Padahal, dalam perkara LTE PLN, tidak ada kerugian negara yang muncul. Sebab, anggaran yang digunakan adalah Anggaran internal PLN.

Merujuk pada UU No.19 Tahun 2003 (UU BUMN), UU No.17 Tahun 2003 (UU KN) tentang Keuangan Negara, Peraturan Pemerintah (PP) No.12 Tahun 1998, serta Putusan MK Nomor 77/PUU-X/2011, sudah sangat jelas bahwa yang menjadi Keuangan Negara dalam Perusahaan Perseroan adalah saham milik Negara di Persero.

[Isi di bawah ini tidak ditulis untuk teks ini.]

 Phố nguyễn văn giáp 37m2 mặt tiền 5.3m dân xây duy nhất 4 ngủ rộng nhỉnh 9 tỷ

“Kerugian Negara di Persero berarti hilangnya saham milik Negara pada Persero. Sementara harta kekayaan Persero bukanlah Keuangan Negara. Dengan berkurangnya kekayaan Persero tidak menyebabkan berkurangnya saham Negara, sehingga dalam perkara PLN tidak ada kerugian negara yang muncul sebab anggaran yang digunakan adalah anggaran internal perusahaan dan tidak menyebabkan hilangnya saham negara,” papar Gunawan.

Gunawan menegaskan, putusan MK Nomor 77/PUU-X/2011 menyatakan bahwa piutang Persero BUMN bukanlah piutang negara.

“Hal ini berarti memastikan bahwa kekayaan negara di Persero hanya sebatas saham saja. Dengan demikian kerugian Persero bukan kerugian Negara,” tutur Gunawan melalui rilis yang dikirim ke Tribunnews..

Tenaga Ahli PLN tidak korupsi

Ahli hukum pidana dari Universitas Sumatera Utara (USU) Dr. Mahmud Mulyadi dalam kesaksiannya menegaskan, dalam perkara LTE PLN, untuk masuk dalam ranah pidana korupsi, para terdakwa harus bisa dibuktikan unsur memperkaya diri sendiri/orang lain/suatu korporasi, melawan hukum, merugikan keuangan negara.

Padahal, selama persidangan perkara LTE berlangsung sejak empat bulan lalu, unsur-unsur tersebut belum terbukti.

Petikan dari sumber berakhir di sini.